Human rights for all
The preamble to the UN Declaration of Human Rights includes a powerful warning for wayward dictatorships: “Whereas it is essential, if man is not to be compelled to have recourse, as a last resort, to rebellion against tyranny and oppression, that human rights should be protected by the rule of law.”
No UN member state may justify any violation of the final article of the declaration, which states that no “state, group or person [has] any right to engage in any activity or to perform any act aimed at the destruction of any of the rights and freedoms set forth [in the declaration].”

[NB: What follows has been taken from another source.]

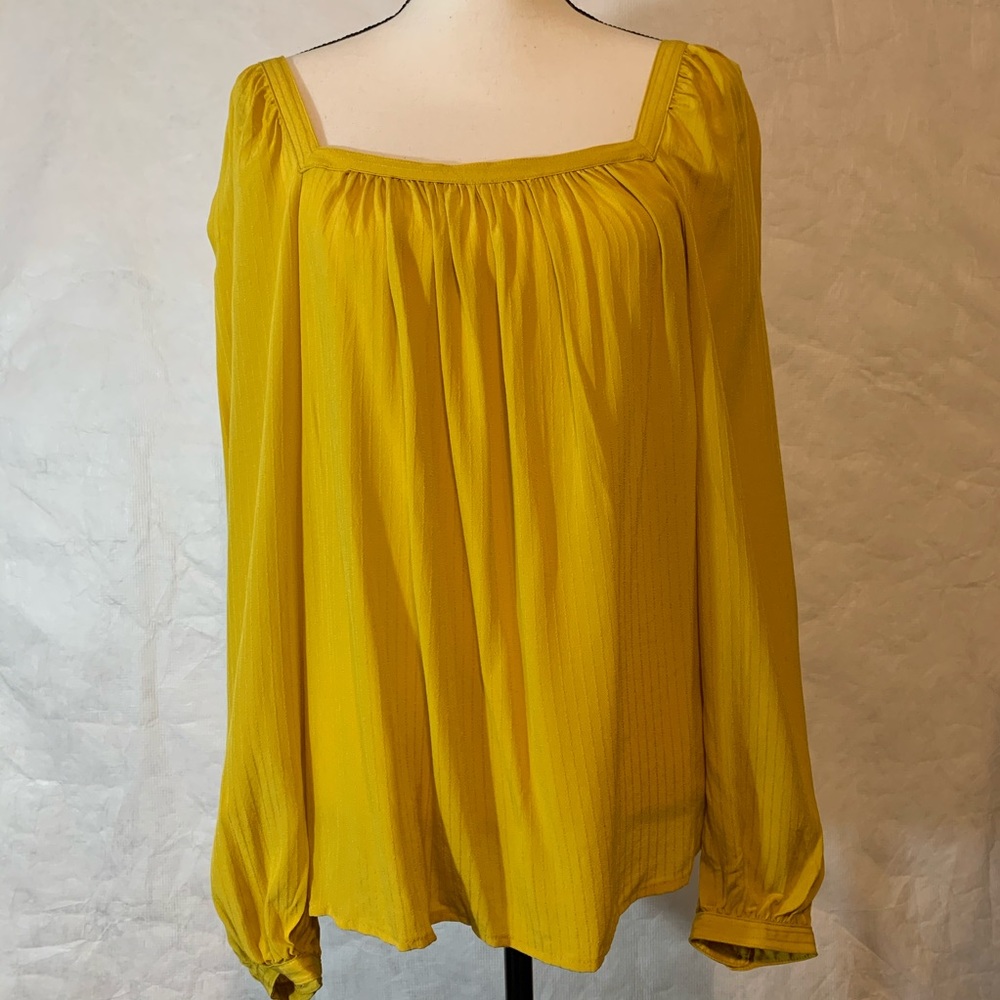 A New Day Summer Wheat Blouse with Bubble Sleeves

All true countries — whether they are recognized by the rest of the world or not — that seek an alliance of nations for the greatest good must uphold the “Universal Declaration of Human Rights as a common standard of achievement for all peoples and all nations, to the end that every individual and every organ of society, keeping this declaration constantly in mind, shall strive by teaching and education to promote respect for these rights and freedoms, and by progressive measures, national and international, to secure their universal and effective recognition and observance, both among the peoples of member states themselves and among the peoples of territories under their jurisdiction.”
Any governments that believe or preach otherwise, or that connive with specious arguments to convene and cultivate a cabal of barbarians — such as the South-South “Human Rights” Forum — and whose sole aim it is to undermine even one article of the declaration, those nations are themselves in serious error of understanding.
The rights of human beings, because they are human beings, supersede diversity, culture and even malevolent contrarians.
Correct yourselves, and remember, the original Commission on Human Rights consisted of 18 members from various political, cultural and religious backgrounds. These intellects included vice chairman of the committee, Chinese diplomat Chang Pengchung (張彭春).
“Dr Chang was a pluralist and held forth in charming fashion on the proposition that there is more than one kind of ultimate reality... Dr Chang suggested that the secretariat might well spend a few months studying the fundamentals of Confucianism,” commission chairwoman Eleanor Roosevelt said.
So, any government spokesman or dictator who suggests that the Declaration of Human Rights forces a Western perspective on the world’s diversity of cultures, mind history’s peacemakers, such as the esteemed Chang, a Chinese with indomitable human characteristics.